Rope Tricks

Lasso book by Carey Bunks

Keith Johnson asked about rope tricks and Steven M. Salberg replied...

Butterfly Loops

I'm in the third week of learning butterfly loops and have almost got it. Now that I look back at the book - it looks like I may have learned it "wrong."

I'm right handed. When I cast the rope to start the butterfly to my left side of my body, should it be in a clockwise or counter clockwise fashion?

The "traditional" method is (for Right handers) to have the rope spinning Clockwise on the left side and CounterClockwise on the right. Another way to think about it is that the rope is spinning *forwards* on BOTH sides... (you should be pushing the rope towards the front on both sides).

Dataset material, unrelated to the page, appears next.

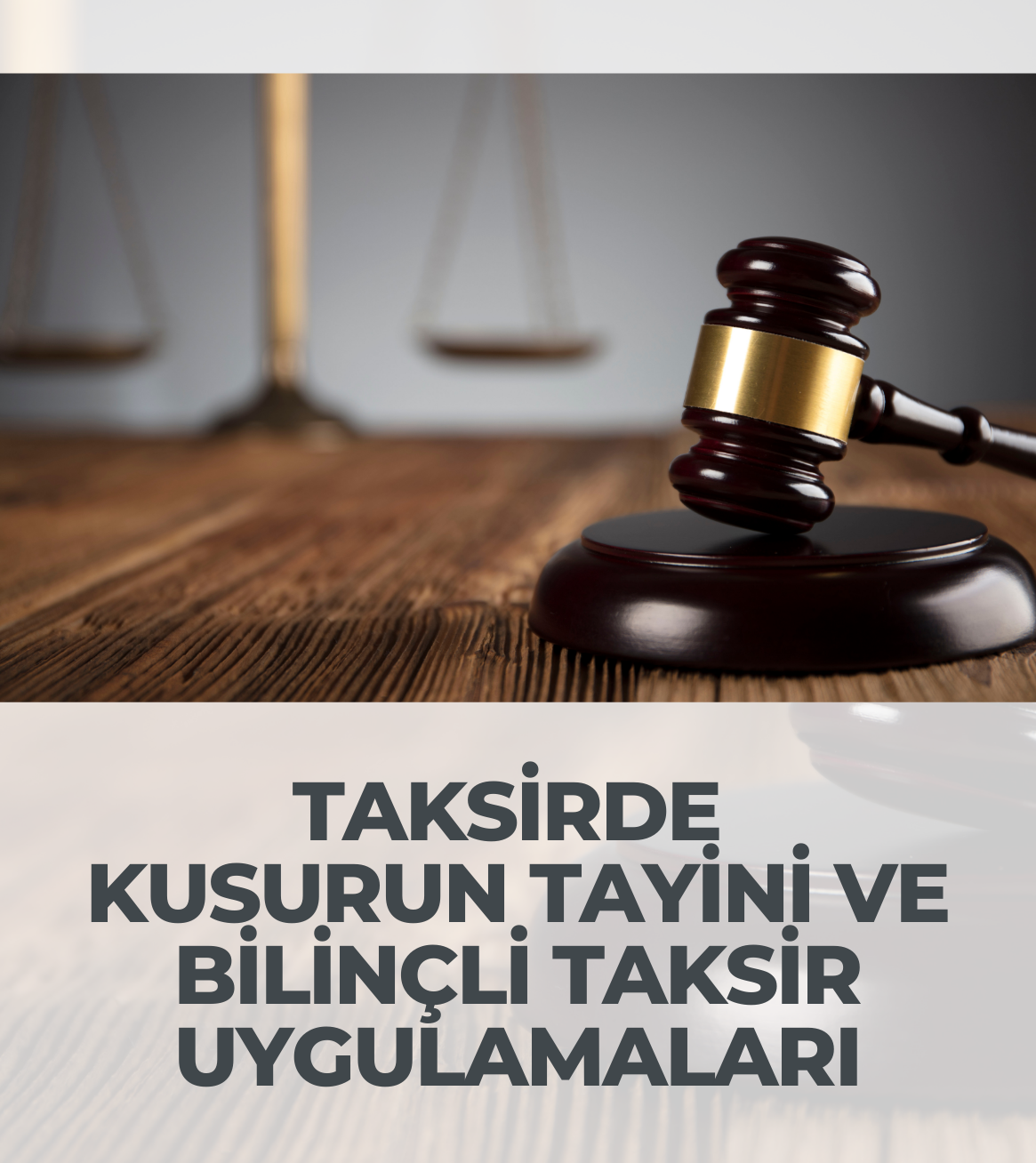 Taksirde Kusurun Tayini ve Bilinçli Taksir Uygulamaları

Why does it matter? It seems if I cast it counter clockwise it "rolls over" my wrist as the loop bounces from side to side. If I go clockwise, it's harder for me to keep the loops "alive." Any thoughts?

In the "reverse" direction the loop must cross over the rope-part that you are holding (it is called the "spoke"). As you make the cross to the other side you are "pulling" the loop towards you. When you are in the "traditional" direction you are pushing the loop away so there is greater room for error and (I think!) the little loop that holds the rope (called the "honda") can travel under the loop easier.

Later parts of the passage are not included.